Exercise requirements: Copy exactly, please, each line of the data below until the line that contains "Premium Arabica and" has been copied, beginning at the top.

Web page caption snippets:
<<<<

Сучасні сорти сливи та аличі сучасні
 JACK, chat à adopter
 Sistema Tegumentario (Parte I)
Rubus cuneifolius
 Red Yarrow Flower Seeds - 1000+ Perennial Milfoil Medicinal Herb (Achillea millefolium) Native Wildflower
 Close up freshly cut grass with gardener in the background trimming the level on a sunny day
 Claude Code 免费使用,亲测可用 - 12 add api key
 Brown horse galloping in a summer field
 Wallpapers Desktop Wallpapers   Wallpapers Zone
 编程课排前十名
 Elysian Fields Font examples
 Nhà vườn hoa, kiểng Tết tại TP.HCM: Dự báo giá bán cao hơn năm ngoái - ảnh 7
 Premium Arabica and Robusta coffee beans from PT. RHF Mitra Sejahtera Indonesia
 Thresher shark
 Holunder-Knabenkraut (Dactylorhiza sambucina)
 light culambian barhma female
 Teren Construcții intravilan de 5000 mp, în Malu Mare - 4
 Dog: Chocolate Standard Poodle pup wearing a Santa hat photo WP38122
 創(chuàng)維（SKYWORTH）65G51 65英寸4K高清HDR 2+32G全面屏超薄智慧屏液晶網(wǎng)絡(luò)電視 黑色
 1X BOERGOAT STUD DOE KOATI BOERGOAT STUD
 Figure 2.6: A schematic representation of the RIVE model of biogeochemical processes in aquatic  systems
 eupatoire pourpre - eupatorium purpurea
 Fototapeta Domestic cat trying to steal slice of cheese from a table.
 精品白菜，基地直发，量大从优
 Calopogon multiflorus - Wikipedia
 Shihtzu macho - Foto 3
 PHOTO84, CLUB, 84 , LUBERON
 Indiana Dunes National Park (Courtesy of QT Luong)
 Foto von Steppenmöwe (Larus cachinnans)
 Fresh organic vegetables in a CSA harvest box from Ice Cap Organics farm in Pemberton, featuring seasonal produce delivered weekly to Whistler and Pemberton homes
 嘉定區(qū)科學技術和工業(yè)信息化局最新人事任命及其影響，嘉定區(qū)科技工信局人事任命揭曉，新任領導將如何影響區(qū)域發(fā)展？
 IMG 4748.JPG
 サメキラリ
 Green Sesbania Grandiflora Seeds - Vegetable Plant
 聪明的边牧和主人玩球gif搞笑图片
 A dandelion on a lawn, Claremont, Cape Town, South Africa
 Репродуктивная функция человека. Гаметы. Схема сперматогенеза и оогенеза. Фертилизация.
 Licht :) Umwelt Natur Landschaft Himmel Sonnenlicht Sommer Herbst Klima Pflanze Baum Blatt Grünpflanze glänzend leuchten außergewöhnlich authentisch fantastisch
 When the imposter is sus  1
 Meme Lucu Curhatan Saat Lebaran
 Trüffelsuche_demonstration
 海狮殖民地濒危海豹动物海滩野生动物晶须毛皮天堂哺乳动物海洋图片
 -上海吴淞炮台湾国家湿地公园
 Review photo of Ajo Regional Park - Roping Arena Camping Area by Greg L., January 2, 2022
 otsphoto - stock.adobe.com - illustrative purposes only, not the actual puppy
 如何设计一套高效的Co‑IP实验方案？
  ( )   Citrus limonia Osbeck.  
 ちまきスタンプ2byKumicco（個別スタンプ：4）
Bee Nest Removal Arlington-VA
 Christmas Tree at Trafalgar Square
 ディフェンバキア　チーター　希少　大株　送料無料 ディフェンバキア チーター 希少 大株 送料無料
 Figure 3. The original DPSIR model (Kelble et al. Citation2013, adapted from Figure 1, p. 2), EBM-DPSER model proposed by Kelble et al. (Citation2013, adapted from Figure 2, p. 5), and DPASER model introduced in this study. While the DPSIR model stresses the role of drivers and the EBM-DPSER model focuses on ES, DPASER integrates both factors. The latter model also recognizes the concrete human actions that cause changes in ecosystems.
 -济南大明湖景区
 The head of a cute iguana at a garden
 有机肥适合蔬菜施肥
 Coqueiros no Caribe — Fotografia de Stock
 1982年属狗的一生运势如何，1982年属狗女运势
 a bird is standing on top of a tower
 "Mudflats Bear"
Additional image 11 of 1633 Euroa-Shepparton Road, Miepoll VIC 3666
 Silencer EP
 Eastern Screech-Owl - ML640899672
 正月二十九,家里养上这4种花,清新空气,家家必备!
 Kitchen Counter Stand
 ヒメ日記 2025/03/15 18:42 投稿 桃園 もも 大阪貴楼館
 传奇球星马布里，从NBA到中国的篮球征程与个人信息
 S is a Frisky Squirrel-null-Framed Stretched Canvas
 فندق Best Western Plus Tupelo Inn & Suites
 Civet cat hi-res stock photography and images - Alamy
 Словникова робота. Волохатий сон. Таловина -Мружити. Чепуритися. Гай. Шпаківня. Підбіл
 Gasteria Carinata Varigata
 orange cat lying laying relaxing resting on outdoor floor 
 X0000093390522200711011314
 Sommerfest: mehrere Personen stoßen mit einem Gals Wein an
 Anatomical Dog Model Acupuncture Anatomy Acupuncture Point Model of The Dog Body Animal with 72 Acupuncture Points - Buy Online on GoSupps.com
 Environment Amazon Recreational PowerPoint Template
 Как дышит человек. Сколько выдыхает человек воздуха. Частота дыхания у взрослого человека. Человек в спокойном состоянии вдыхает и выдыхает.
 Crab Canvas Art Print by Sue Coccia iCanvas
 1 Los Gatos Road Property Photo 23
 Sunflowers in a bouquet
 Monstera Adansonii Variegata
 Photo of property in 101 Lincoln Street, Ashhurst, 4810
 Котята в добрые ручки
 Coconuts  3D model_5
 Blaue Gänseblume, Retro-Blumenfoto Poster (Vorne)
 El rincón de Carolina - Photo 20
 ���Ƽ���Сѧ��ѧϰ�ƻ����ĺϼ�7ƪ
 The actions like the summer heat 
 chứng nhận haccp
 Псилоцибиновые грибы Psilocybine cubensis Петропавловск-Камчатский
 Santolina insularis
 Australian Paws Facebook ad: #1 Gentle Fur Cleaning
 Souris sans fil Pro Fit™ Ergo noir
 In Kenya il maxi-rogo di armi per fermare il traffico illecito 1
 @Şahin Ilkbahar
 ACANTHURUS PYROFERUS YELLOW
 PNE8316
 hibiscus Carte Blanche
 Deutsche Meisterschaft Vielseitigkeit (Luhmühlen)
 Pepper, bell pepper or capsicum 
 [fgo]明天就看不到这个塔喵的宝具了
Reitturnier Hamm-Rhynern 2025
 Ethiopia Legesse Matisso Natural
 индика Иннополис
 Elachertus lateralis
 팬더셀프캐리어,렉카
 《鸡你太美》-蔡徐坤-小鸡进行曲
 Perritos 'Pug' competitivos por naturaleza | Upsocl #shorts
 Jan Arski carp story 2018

>>>>

Answer area:
Сучасні сорти сливи та аличі сучасні
 JACK, chat à adopter
 Sistema Tegumentario (Parte I)
Rubus cuneifolius
 Red Yarrow Flower Seeds - 1000+ Perennial Milfoil Medicinal Herb (Achillea millefolium) Native Wildflower
 Close up freshly cut grass with gardener in the background trimming the level on a sunny day
 Claude Code 免费使用,亲测可用 - 12 add api key
 Brown horse galloping in a summer field
 Wallpapers Desktop Wallpapers   Wallpapers Zone
 编程课排前十名
 Elysian Fields Font examples
 Nhà vườn hoa, kiểng Tết tại TP.HCM: Dự báo giá bán cao hơn năm ngoái - ảnh 7
 Premium Arabica and Robusta coffee beans from PT. RHF Mitra Sejahtera Indonesia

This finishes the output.